Vous dites que le spectacle a été créé il y a 15 ans déjà. Il a donc une longue vie. Comment expliquez-vous cette longévité ?

'Voyageurs immobiles',  photo: Pascale François
« En fait, il n’y a eu qu’une courte vie d’abord, parce je crois qu’ils ne l’ont tourné que deux ans, entre 1995 et 1997 à peu près. Et ensuite Philippe a souhaité le remettre en chantier. Je pense qu’il avait encore des choses à dire autour de ce spectacle, des choses qu’il voulait approfondir un petit peu. Et puis il y avait des gens qui le demandaient encore. Donc je crois que c’était un ensemble de choses qui ont fait que le spectacle ‘Voyageurs immobiles’ a été remis en route. »

Y a-t-il une grande différence entre le spectacle original et celui que vous jouez aujourd’hui ?

« Je crois que 40 % du spectacle ont été réécrits. La structure, par contre, n’a pas changé. L’enchaînement des scènes est toujours le même, mais à l’intérieur des scènes Philippe a retravaillé à partir des choses qu’il avait déjà écrites et surtout nous a fait retravailler, c’est-à-dire qu’on n’a pas repris les rôles à la lettre et au geste près. On a repris l’idée et l’esprit de la scène, et puis il nous a laissé improviser et chercher des choses nouvelles pour l’enrichir, pour en faire quelque chose de nouveau. »

Vous personnellement, depuis combien de temps jouez-vous ce rôle ? Depuis combien de temps êtes-vous dans cet ensemble ?

«Je joue dans la compagnie depuis cinq - six ans, depuis 2005. J’ai fait un spectacle avant celui-ci, ‘La Fin des terres’, on a tourné pendant trois ans et ensuite j’ai enchaîné avec ‘Voyageurs immobiles’ ».

'Voyageurs immobiles',  photo: Pascale François
Il est sans doute difficile de résumer un tel spectacle, fait de fantaisie et de choses mal définissables, mais essayons quand même de dire de quoi il s’agit…

« Il est vrai que c’est toujours difficile. Philippe lui-même est un petit peu réticent à raconter les histoires de ce spectacle parce qu’il dit que la scène est le lieu de l’inconscient. Le spectacle se déroule comme une succession de scènes, comme des rêves et des cauchemars qui se succèdent les uns après les autres. Et je crois que le spectateur peut y poser ses propres fantasmes et ses propres cauchemars. Trop en dire, c’est toujours réduire un peu. Mais bon, on peut quand même le résumer à une espèce d’humanité, un groupe d’humains, qui va traverser des paysages fantastiques, désert, océan, mais qui sont, je crois, autant de paysages mentaux. »
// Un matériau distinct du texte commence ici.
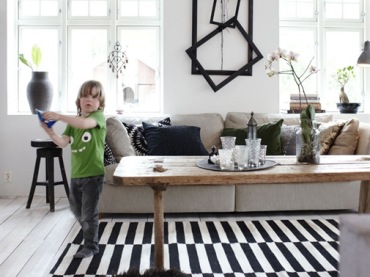 To ciepły dom w dalekiej Norwegii - skandynawski styl, ale z nowoczesnym i zarazem historycznym obliczem. jest tu...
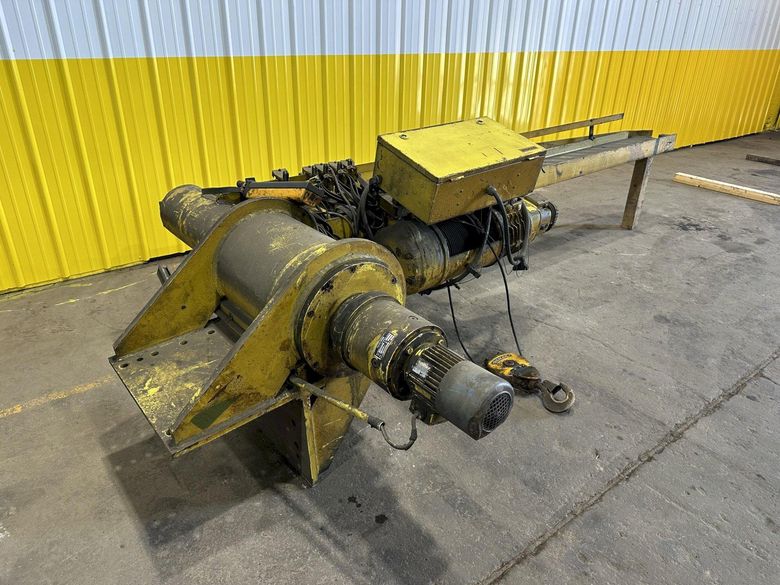 1.7 TON (3200 LBS) X 10' DEMAG WALL MOUNTED POWERED JIB CRANE & CABLE HOIST: STOCK #19119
Le spectacle s’appelle « Voyageurs immobiles ». Qui sont ces voyageurs ? Vous vous posez cette question ? Faut-il se poser cette question ?

« Oui, je crois qu’il le faut. On peut se poser la question. Moi, j’ai une définition du voyageur immobile, mais c’est la mienne, je ne sais pas si c’est celle de Philippe, je ne sais pas si c’est celle des spectateurs. Pour moi, le voyageur immobile, c’est nous, c’est chaque être humain quand on démarre un voyage très intérieur, un voyage au fond de soi-même. Moi, j’ai fait une psychanalyse il y a quelques années. Je crois que c’est une des plus grandes aventures qu’il m’ait été donné de vivre, une espèce de plongée. Et j’ai eu vraiment l’impression de voyager, de découvrir des choses, des paysages, des obstacles aussi, donc des choses que je n’imaginais pas. C’est donc mon interprétation, mais ce n’est vraiment que la mienne. »

'Voyageurs immobiles',  photo: Pascale François
Tout cela, c’est l’œuvre du metteur en scène, ou c’est aussi vous, comédiens, qui participez activement à la création du spectacle ?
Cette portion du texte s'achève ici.